Throughout the 8,000-square-foot home, the furnishings follow a winning formula: purpose-built millwork designed by Dweck’s office combined with meticulously sourced vintage material and a few carefully considered contemporary pieces. “All our projects are custom,” Bozman says. “Vintage is always very important, and contemporary makes it all feel fresh.”
Under the ivory-colored living room’s 11-foot ceilings, a dramatically elongated sofa looks relatively conservative compared with such nearby pieces as British artist Julian Mayor’s faceted metallic Glenda chair and a pair of curvaceous, chicly casual Maurizio Tempestini wooden armchairs from the 1940s. The room’s playful demeanor is clinched by a Beauvais rug adorned with stylized tigers.
RobertO Giulio Rida side table from Donzella, while in the corner is a table by Chen Chen and Kai Williams that incorporates found stones.
The eclectic dining area, meanwhile, commands attention with a honey-toned wall unit that Dweck calls a “contemporary take on Memphis,” reinterpreted by his office in a rare Japanese ash burl wood. “It has the appearance of plywood but with a more luxurious finish,” Bozman says.

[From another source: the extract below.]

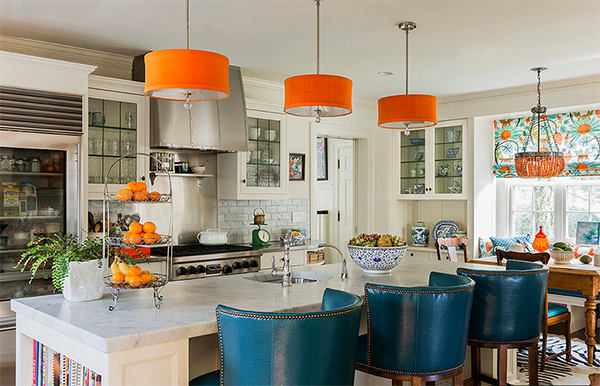 Оранжевые лампы на кухне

The dining table — whose nickel-rimmed top of crushed eggshells set in hunter green lacquer is based on an Art Deco technique called “craquelure” — takes inspiration from the work of early-20th-century French designer Jean-Michel Frank. Surrounded by chairs found in London, with stitched leather detail à la Jacques Adnet, the oversized table seats 18, “and that’s without the leaves,” Bozman says. A pair of gilded bronze lanterns from Mathieu Lusterie, a French maker, reimagine a historic design as old as Versailles.
The cozy den is another masterwork of collected-looking decorating — and, fully paneled in amber-colored white oak, it’s also a tonal departure from the rest of the house. “We worked very closely with the plasterer to achieve beautifully textured walls throughout the house, but we wanted this one room to be different,” Dweck says of the decision to clad the room in wood. The flooring — wood tiles laid in a brick pattern to more seamlessly flow through wide glass doors into the adjacent paved courtyard — is unique to the space as well.
Out-of-the-ordinary furnishings are mostly 1stDibs finds, including mid-century Paolo Buffa chairs upholstered in olive-green leather and a Paul Evans Brutalist games table paired unexpectedly with 1940s Swedish wooden chairs. Presiding over it all: a contemporary Austrian chandelier eight feet across, with clustered glass globes Dweck describes as “hamburger-shaped.”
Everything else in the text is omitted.